**ABOUT THIS TASK**
Working from the data below, write out exactly the lines from its first through the line that contains "Boxer 4475 001", both ends included and pictures omitted.

**AVAILABLE DATA**
-------

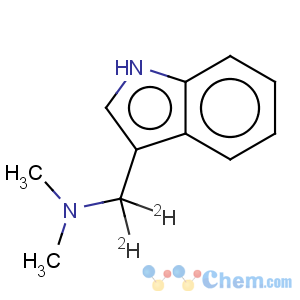 CAS No:95415-84-2 1H-Indole-3-methan-a,a-d2-amine, N,N-dimethyl- (9CI)
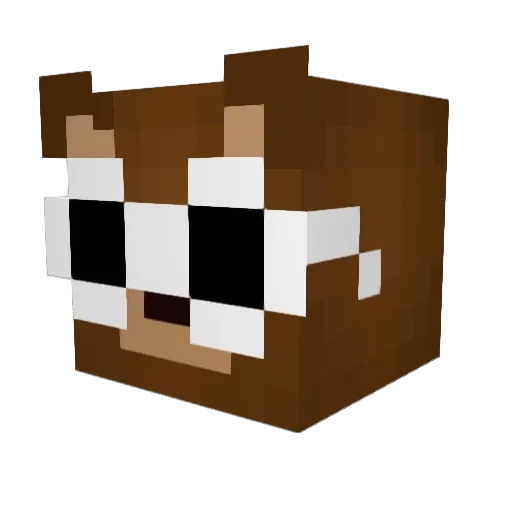 OwlPancake Minecraft avatar head, 3D render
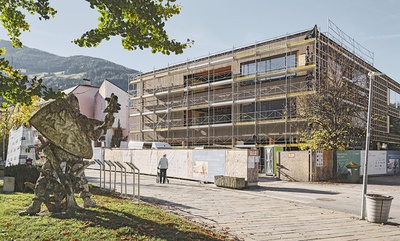 Volksschule am Kirchplatz, Wattens – © David Schreyer Volksschule am Kirchplatz, Wattens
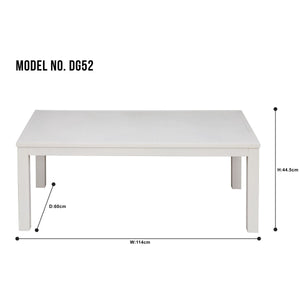 Dellonda Kyoto Aluminium Outdoor Sofa & Coffee Table Set 4 Piece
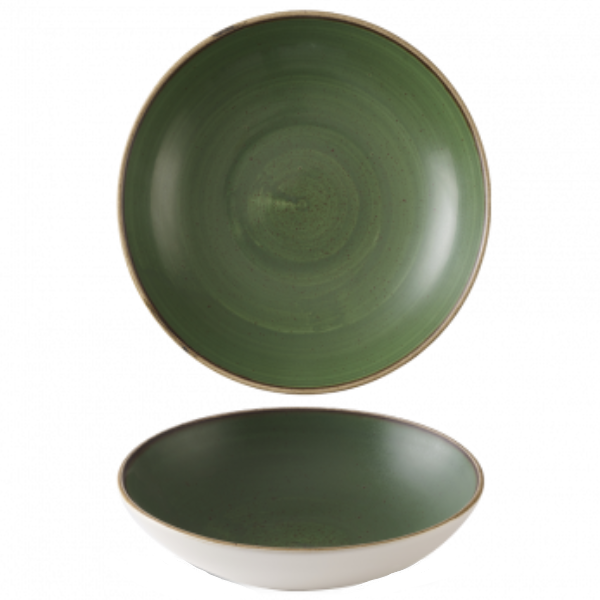 Churchill Stonecast Sorrel Green Coupe Bowl 24.8cm 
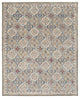 Weave & Wander Mattias Persian Fog Gray/Blue/Red Rug, 10' X 14'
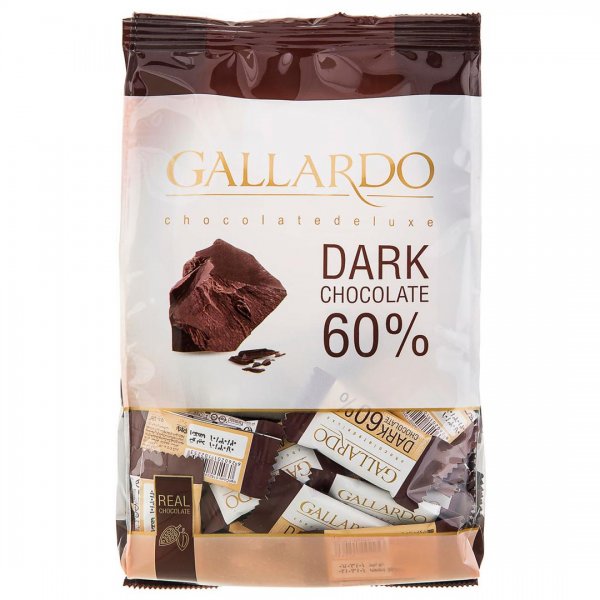 شکلات تلخ 60 درصد گالاردو فرمند مقدار 330 گرم 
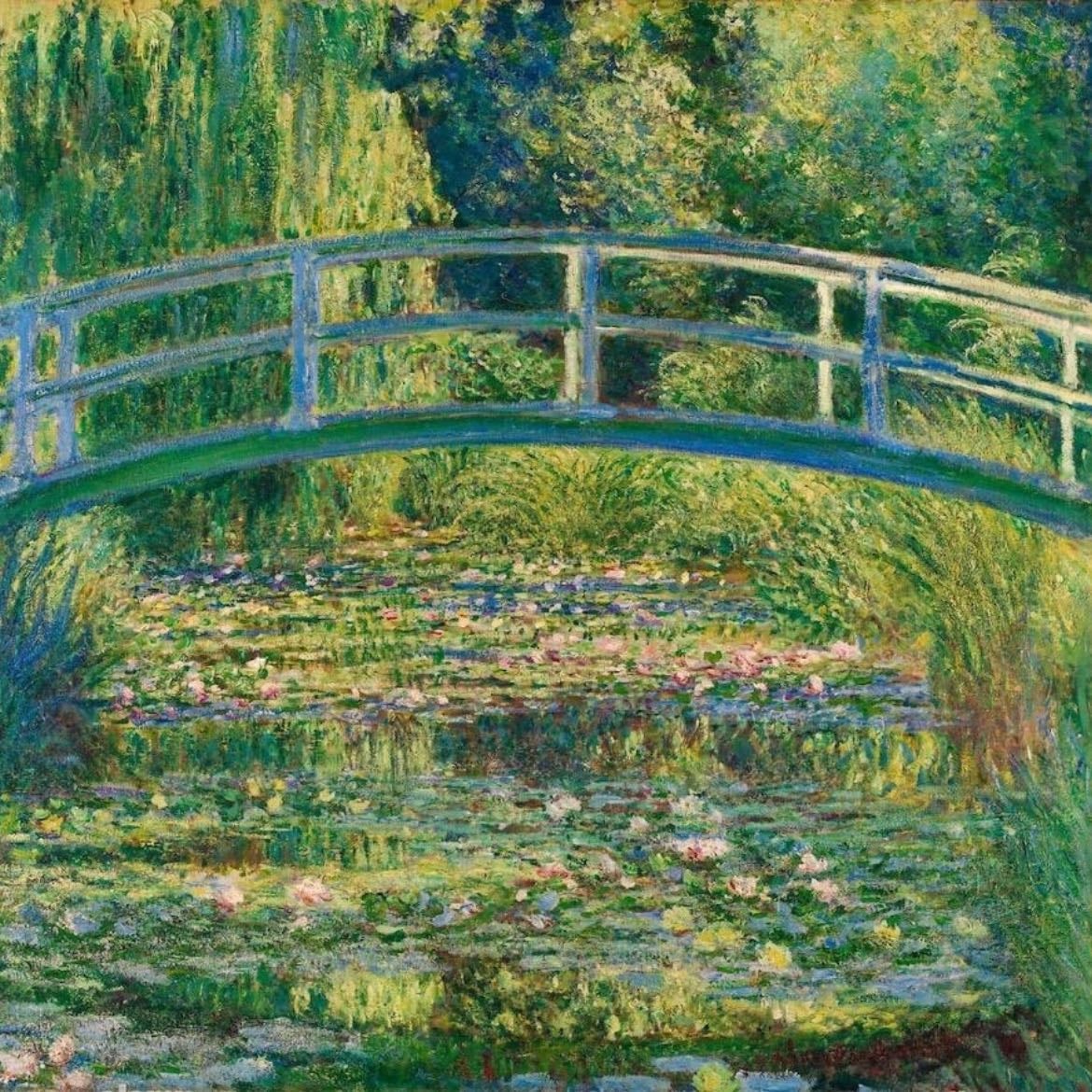 The Water-Lily Pond - Claude Monet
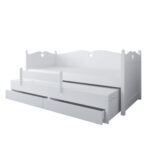 Καναπές Κρεβάτι Bella από μασίφ Ξύλο με Έξτρα Κρεβάτι Συρόμενο & Δύο Συρτάρια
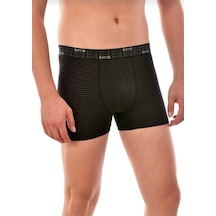 Berrak Erkek 12"Li Çizgili Pamuklu Likralı Boxer 4475 001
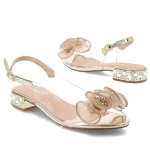 Sandały damskie S.Barski MR61-9002 gold-3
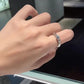 💎Drehbarer Diamantring, der den Stern des Universums symbolisiert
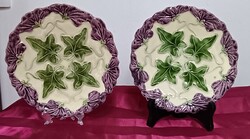 Körmöcbányai szecessziós fali majolika tányér párban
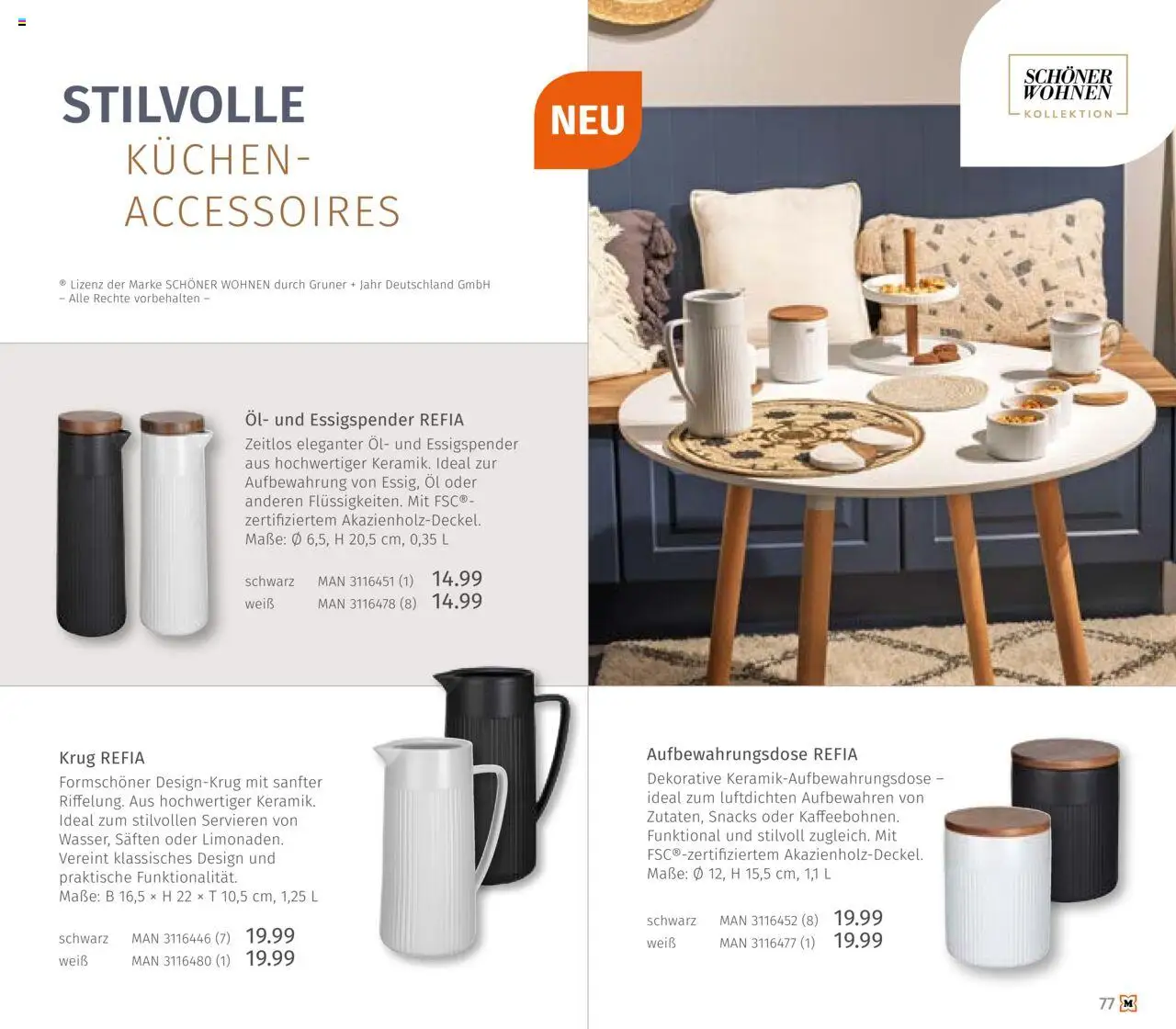 Müller Haushaltskatalog – gültig ab 03.10.2025 | Seite: 77 | Produkte: Öl, Kuchen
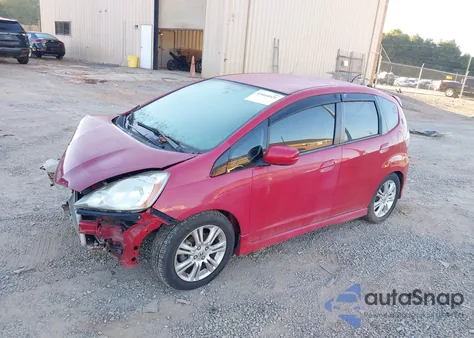 2009 Honda Fit Sport из США, поврежденный, VIN JHMGE88449S048686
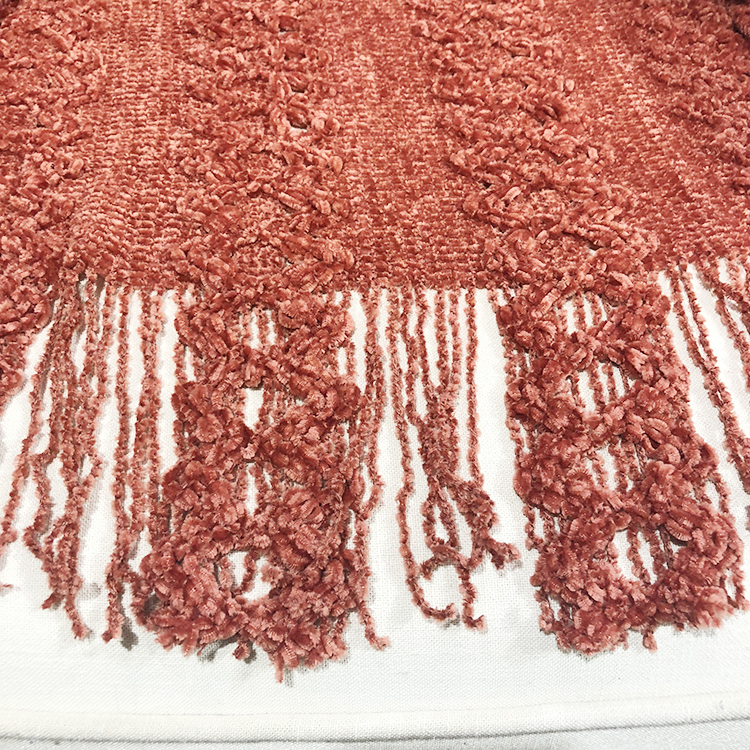 Crochet yarn knitted sofa tassel cellular blanket, blankets knit red throw blanket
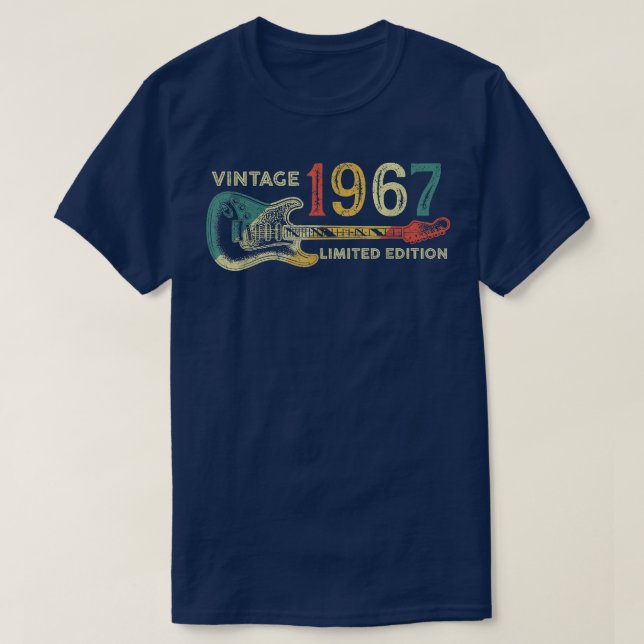 Camiseta Regalo de cumpleaños Retro 1967 para hombres Guita (Diseño del anverso)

-------

**REPLY TO THE EXERCISE**
 CAS No:95415-84-2 1H-Indole-3-methan-a,a-d2-amine, N,N-dimethyl- (9CI)
 OwlPancake Minecraft avatar head, 3D render
 Volksschule am Kirchplatz, Wattens – © David Schreyer Volksschule am Kirchplatz, Wattens
 Dellonda Kyoto Aluminium Outdoor Sofa & Coffee Table Set 4 Piece
 Churchill Stonecast Sorrel Green Coupe Bowl 24.8cm 
 Weave & Wander Mattias Persian Fog Gray/Blue/Red Rug, 10' X 14'
 شکلات تلخ 60 درصد گالاردو فرمند مقدار 330 گرم 
 The Water-Lily Pond - Claude Monet
 Καναπές Κρεβάτι Bella από μασίφ Ξύλο με Έξτρα Κρεβάτι Συρόμενο & Δύο Συρτάρια
 Berrak Erkek 12"Li Çizgili Pamuklu Likralı Boxer 4475 001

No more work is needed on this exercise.